**WORK ORDER:**
The whole listing below, with no pictures, is to be repeated as it stands.

Segment Start: MATERIAL PROVIDED

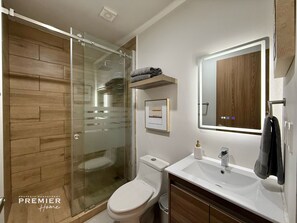 Bathroom - Premium Loft at a Plaza with restaurants & others (Monterrey)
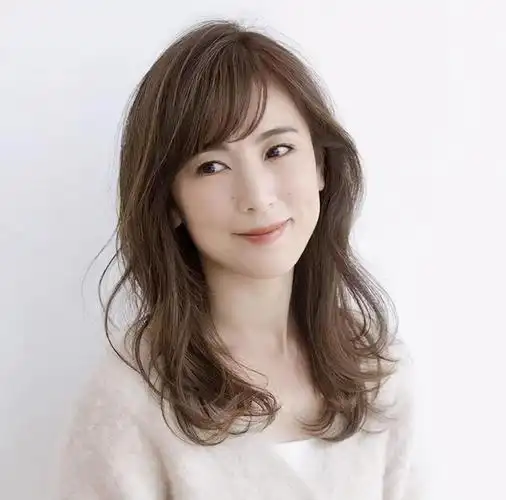 40岁女人长脸型适合什么样的发型,40岁最洋气的减龄发型设计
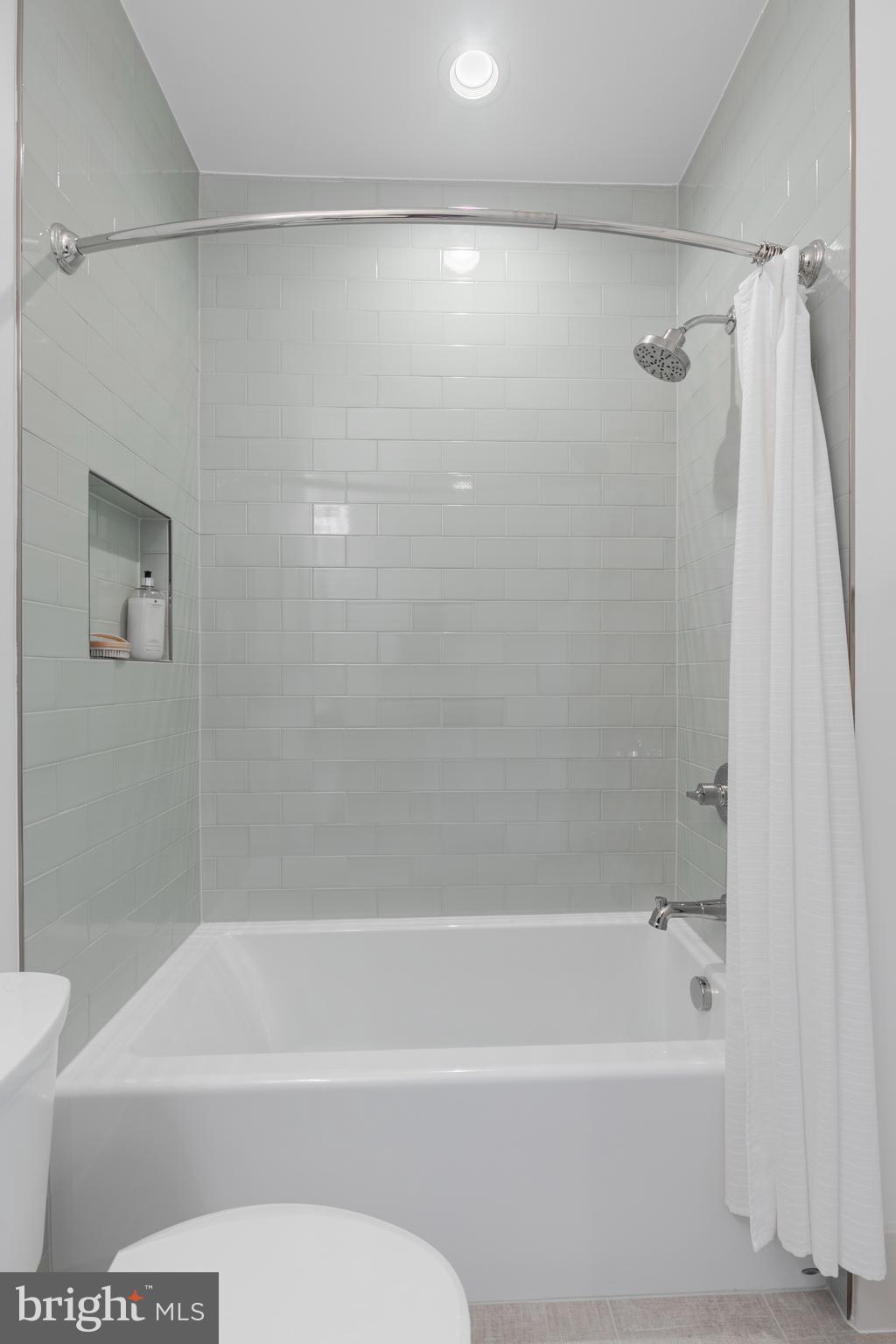 WAYCROFT - WOODLAWN - Residential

Segment End: MATERIAL PROVIDED

**EXERCISE SOLUTION:**
 Bathroom - Premium Loft at a Plaza with restaurants & others (Monterrey)
 40岁女人长脸型适合什么样的发型,40岁最洋气的减龄发型设计
 WAYCROFT - WOODLAWN - Residential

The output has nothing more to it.